Technically, the letter of Grayson law required that she be accompanied by an absolute minimum of two armsmen wherever she went, and she knew LaFollet was far from reconciled to her decision to reduce her normal personal detachment to just himself here on the Island. Truth to tell, she'd been a little surprised when she realized how much she resented that reduction herself, even though it had been her own idea. Of course, her reasons for resenting it weren't quite the same as Andrew's. It was part of his job description to be hyperconscious of any potential threat at all times and in all places, and he was profoundly unhappy at the way it reduced his ability to guarantee her safety. Personally, Honor felt reasonably confident no assassins skulked in the shrubbery of Saganami Island, but she'd long since given up any hope that LaFollet's institutional paranoia would allow them to see eye-to-eye on that particular point.

In addition to his purely practical considerations, however, Honor knew her armsman deeply resented what he saw as a calculated insult to his Steadholder. He knew all about Janacek's efforts to have Honor's personal security detachment entirely barred from the Academy's campus. He'd never said so in so many words, but his firm belief that it was only one more aspect of the petty vindictiveness in which the present Manticoran Government indulged whenever it thought no one could see was painfully obvious to Honor. It would have been even without her link to Nimitz; as it was, he might as well have shouted his disgust aloud.
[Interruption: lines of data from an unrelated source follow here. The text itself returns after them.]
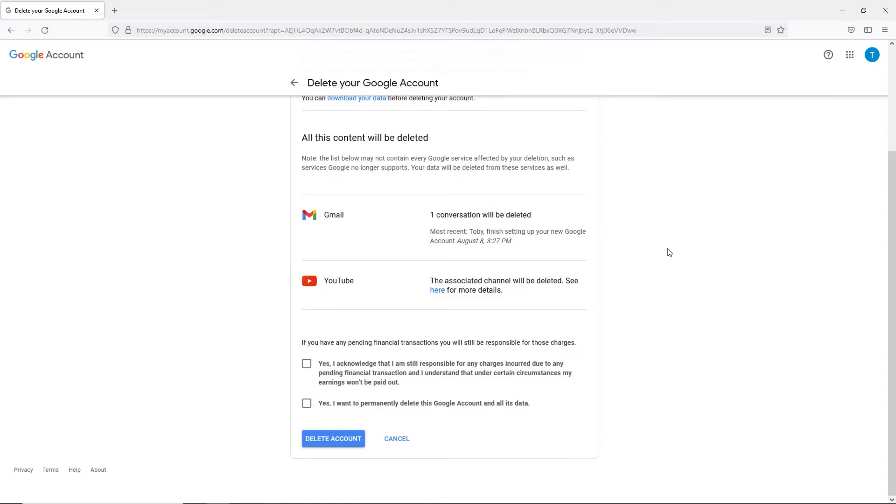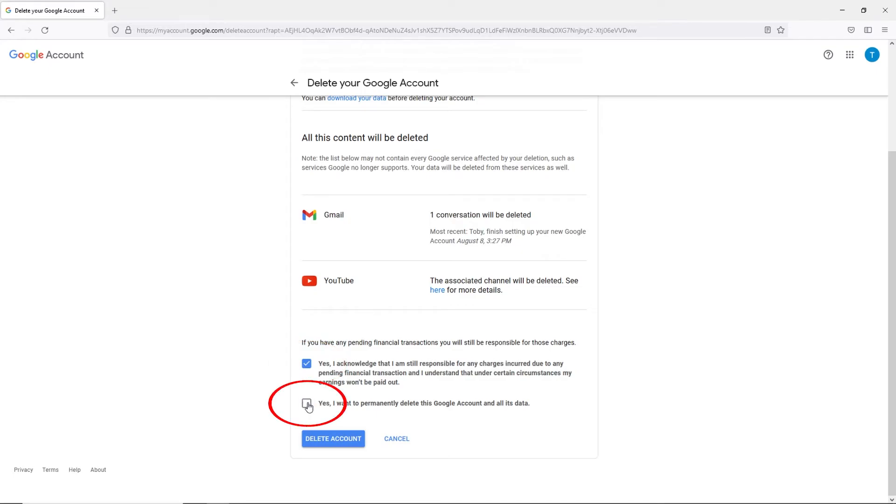You'll be required to check two boxes. One that says you acknowledge that you are still responsible for any charges or pending financial transactions. And one that verifies that you want to delete your account. Once those boxes are checked, select delete account.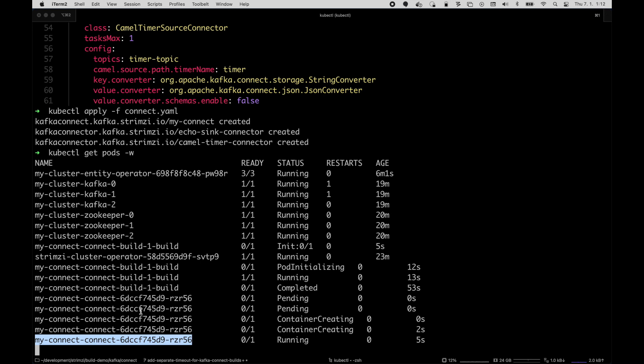The nice thing about this new feature is that you can easily create a recipe for your connector, for downloading the plugins and for running the plugins. And you can really just share it as one big YAML file containing all the different resources. And other users or colleagues can easily take that, deploy that and use it on their own.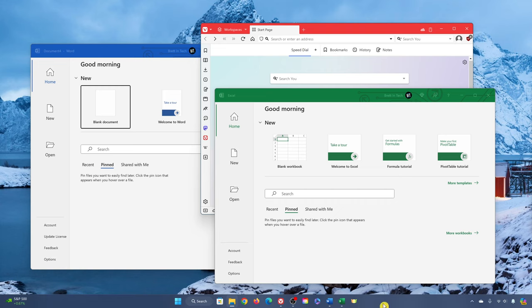Find an empty space on your taskbar and right-click on it. In the context menu, select taskbar settings.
Unfortunately, and even though she'd been the one who'd suggested the compromise, Honor shared his view of what had inspired Janacek's attempt. Which was why she, too, resented it so bitterly. She hoped her resentment stemmed from the circumstances which had put Janacek into the First Lord's chair once again, not from a sense of her own importance, but she was self-honest enough to admit that she wasn't as certain of that as she would have preferred to be.

She grimaced at the thought and set her pistol case and accessory shoulder bag on the counter as the range officer, an absurdly youthful looking Marine master sergeant whose nameplate read "Johannsen, M.," produced ear protectors for her and LaFollet, along with the proper forms. She signed and thumbprinted the paperwork, then opened the shoulder bag for the special ear protectors she'd had made for Nimitz. The 'cat regarded them with scant favor, but he wasn't about to reject them. Back home on Grayson, her outdoor range allowed him to keep an eye on her while she practiced without bringing him into such proximity as to make the sound of the gunshots a problem. Here at the Academy, with its indoor range, that wasn't a possibility, and she watched patiently while he slipped the protectors into place and adjusted them carefully.

"Ready, Stinker?" she asked. The protectors were advanced developments of devices which had been available even before humanity left Old Earth for the stars. They were fully effective at damping the decibel spikes which could injure someone's hearing, yet normal conversational tones were clearly audible through them, and the 'cat raised one true-hand, closed in the sign for the letter "S," and "nodded" it up and down in affirmation.

"Good," she said, and adjusted her own ear protection. LaFollet had already donned his protectors, and she waited patiently while he stepped through the door to give the firing line itself a careful once over. Satisfied that no desperately determined hired killers had infiltrated it, he opened the door once more and held it courteously for her.